What vice/bad habit did you work to eliminate from your routine?
I (mostly) stopped giving a damn about other people’s expectations or thoughts about me.
How did you develop this vice in the first place? Was it something that you battled for a long time, or something that crept over the past year or so?
I would say it starts early and was firmly rooted by middle school. There is so much pressure of expectation—either through friends and family or through media and advertising—that it is impossible to drown it all out. I’ve never liked being told what to do but I felt guilt about not having the milestones (kids or a career or a marriage) at the “right” time.
I wouldn’t say I march to my own drum, more that I’m playing the sax in said percussion band, but I noticed and I cared how I was perceived or that I wouldn’t be taken seriously enough and it sometimes ate at me.
What prompted you to make a conscious effort to eliminate it? How was it negatively affecting your personal and/or professional goals?
I got tired. I got tired of flipping through a magazine and seeing a perfection that I couldn’t achieve and then realizing I didn’t even WANT that. I didn’t want the flat abs and Kardashian closet. I didn’t want the house and yard that so many of my friends opted for and, don’t get me wrong, they seem super happy with their choices but it isn’t what I want. I want what is meaningful for my journey and that is singular to me. I don’t have to explain or apologize for what I want just because it isn’t what everyone else is doing. (Note: the thing about the flat abs is a lie, I actually still totally want that).
How did you begin to detox yourself from this vice?
It’s a constant battle of asking myself over and over, “Is this what I want or is this what I’ve been told I want?” It’s an ongoing process.
What issues or setbacks did you encounter along the way?
So many, still. It’s not easy to divorce myself from other people’s or society’s expectations.
What tools, tricks or other methods did you employ to wean yourself off of said vice? Which were the most helpful and would you recommend them to others who are attempting to banish the same bad habit?
The best advice I can give is to keep asking yourself, “Why?” Why Column A over Column B? Constantly check in with your value system and write down what is important to you! Having what you value in writing makes it more powerful.
What differences have you seen in your personal or professional life since giving up this vice? Have you seen progress or gains towards any of your goals that you can attribute directly to the elimination of the vice?
I feel very confident in my choices because they are mine alone. And, thus, I’m less afraid to take a risk. At the end of the day, I only have to answer to myself.
Why do you think you were finally able to kick the bad habit/tendency?Did you learn anything from the process that gave you some insight on how to stop other unproductive tendencies or habits?

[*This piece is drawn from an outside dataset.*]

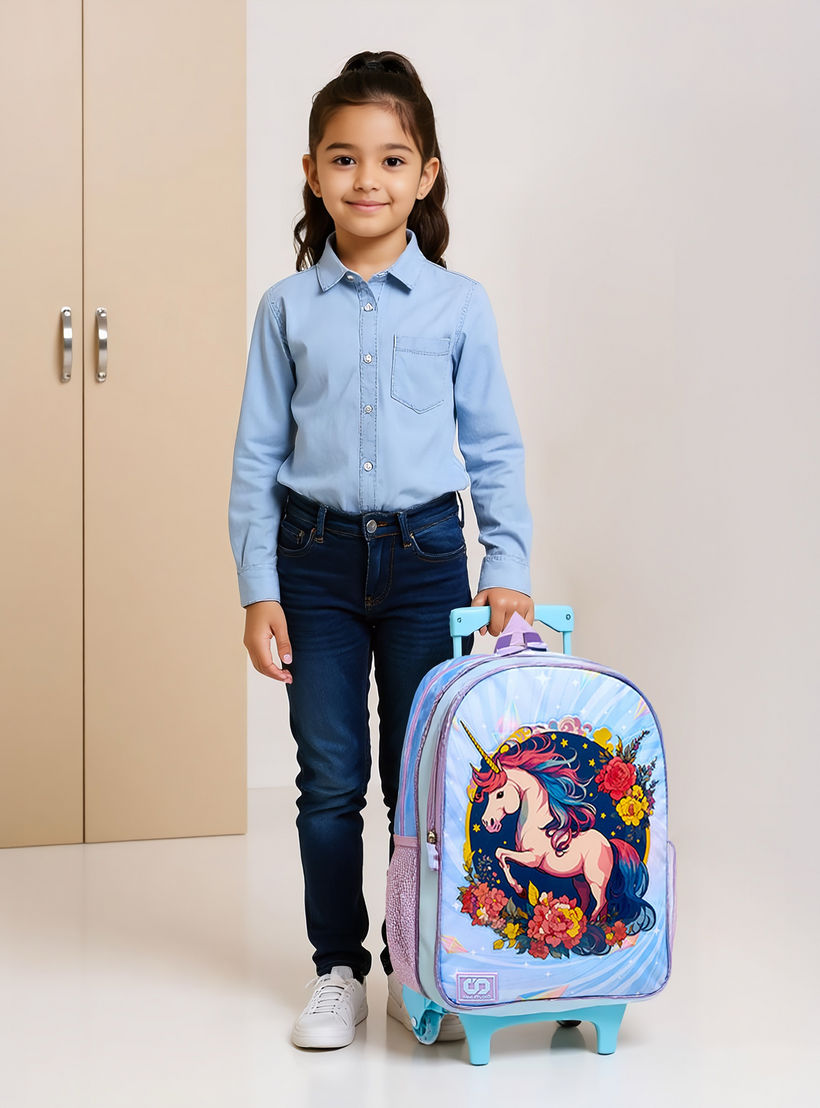 طقم شنطة ترولي 5 قطع بطبعات يونيكورن من سامي ستوديو - 34×20×48 سم-school-bagsandbackpacks-trolleybags-image-3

I don’t think this is one to kick for good because there will always be new pressure, but learning how to check in with myself and feeling confident that my own direction is the right one for me makes me more relaxed. I only have to worry about one person’s expectations and my choices are clearer and stronger.
Kiki Bowman has worked as a Kindergarten teacher, retail employee in Scotland, nanny, legal assistant, temp at a bomb factory (accidentally), circus performer, copywriter, and (once) as a Tazmanian wedding planner. She has been in the agency world in New York for seven years and is currently the Director of Operations at the award winning digital agency, FOUR32C.